▶ ACTION ITEM
In the reply, give back exactly the lines from the one with "Cute gnome graphic" through the last line of the records, without pictures.

▶ TASK INPUT
════════════════

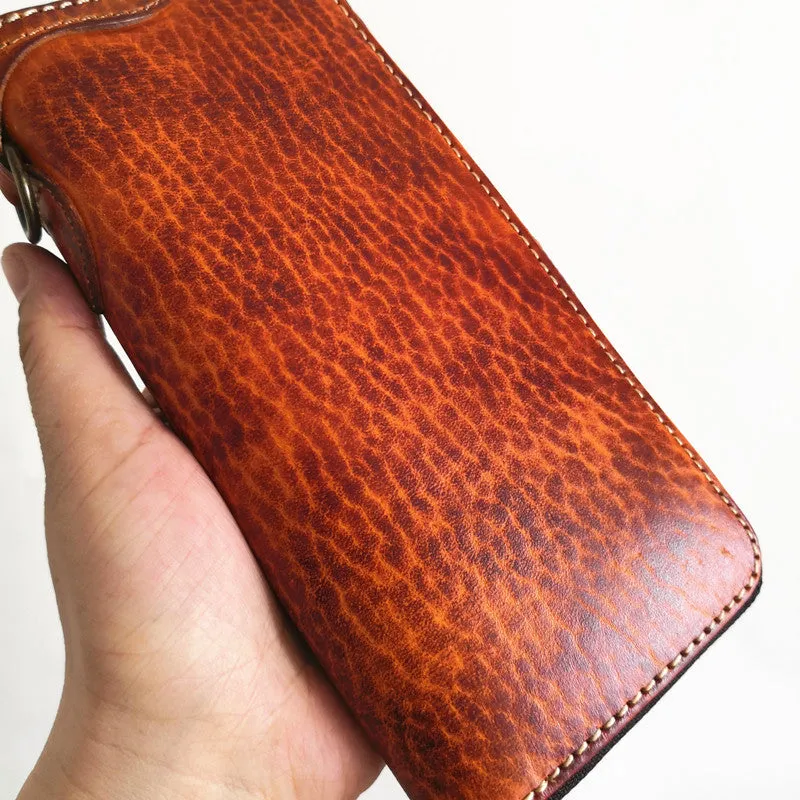 Cool Leather Biker Chain Wallet Mens Vintage Biker Long Zip Wallet for Men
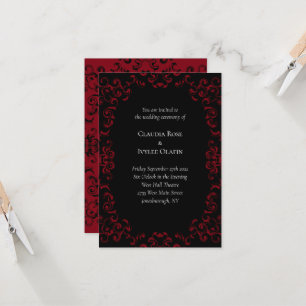 Invitaciones a la boda gótica de Red & Black Swirl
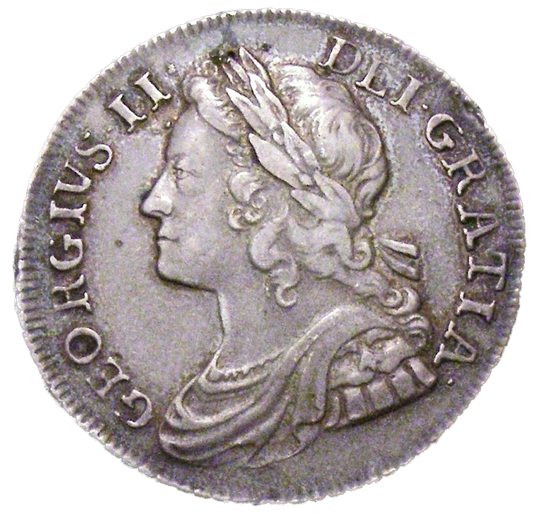 1739 Shilling Young head Roses in angles Small garter star S3701 ESC 1715 Excessively rare (R4) VF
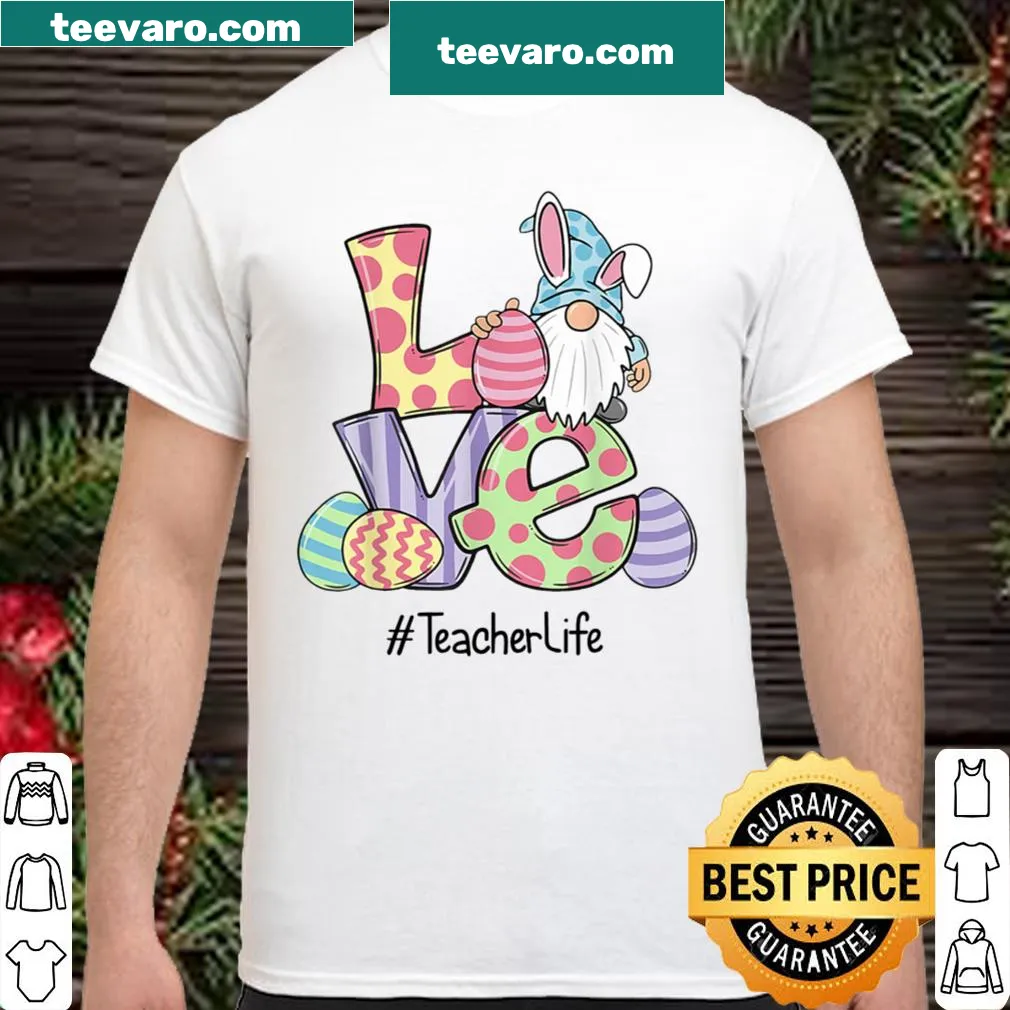 Cute gnome graphic shirt for teachers celebrating Easter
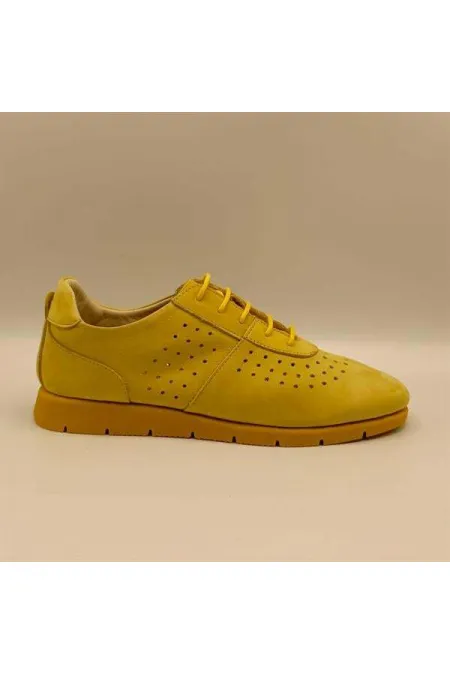 Agna Yellow Nubuck Women's Loafer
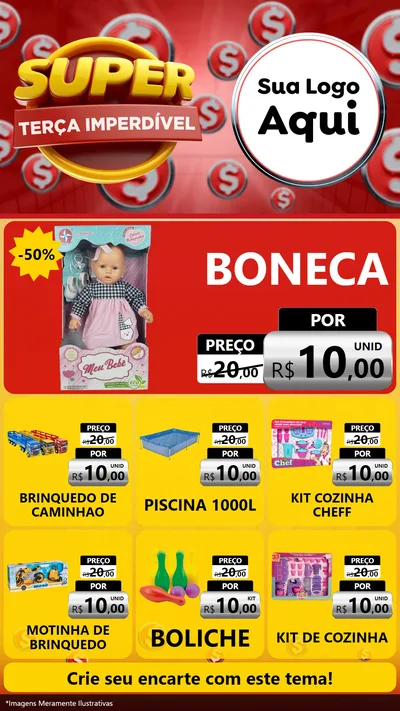 Modelo de Rede Social para Stories com o tema Super Terça Imperdível para Brinquedos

════════════════

▶ ANSWER TO THE EXERCISE
 Cute gnome graphic shirt for teachers celebrating Easter
 Agna Yellow Nubuck Women's Loafer
 Modelo de Rede Social para Stories com o tema Super Terça Imperdível para Brinquedos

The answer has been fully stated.